▶ **Work request**
Down to the last line, set down the material below exactly, excluding pictures.

▶ **Source material**
·····
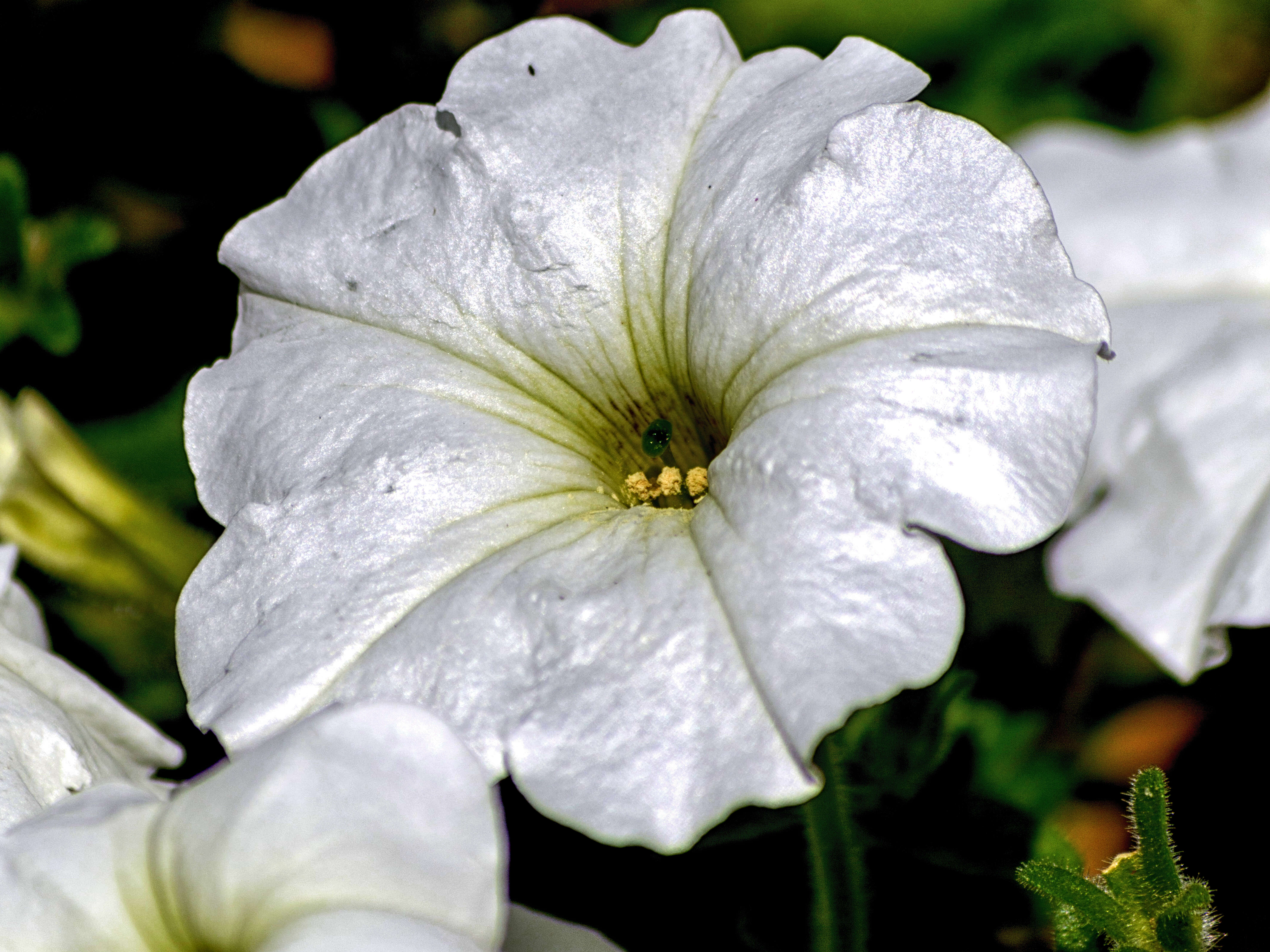 صورة Petunia axillaris (Lam.) Britton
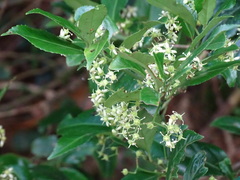 Euonymus spraguei
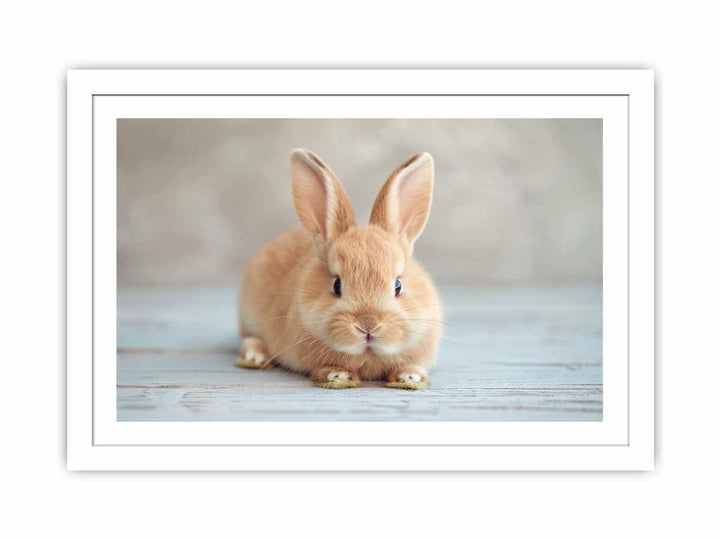 Cute Rabbit Streched canvas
·····
▶ **Answer space**
 صورة Petunia axillaris (Lam.) Britton
 Euonymus spraguei
 Cute Rabbit Streched canvas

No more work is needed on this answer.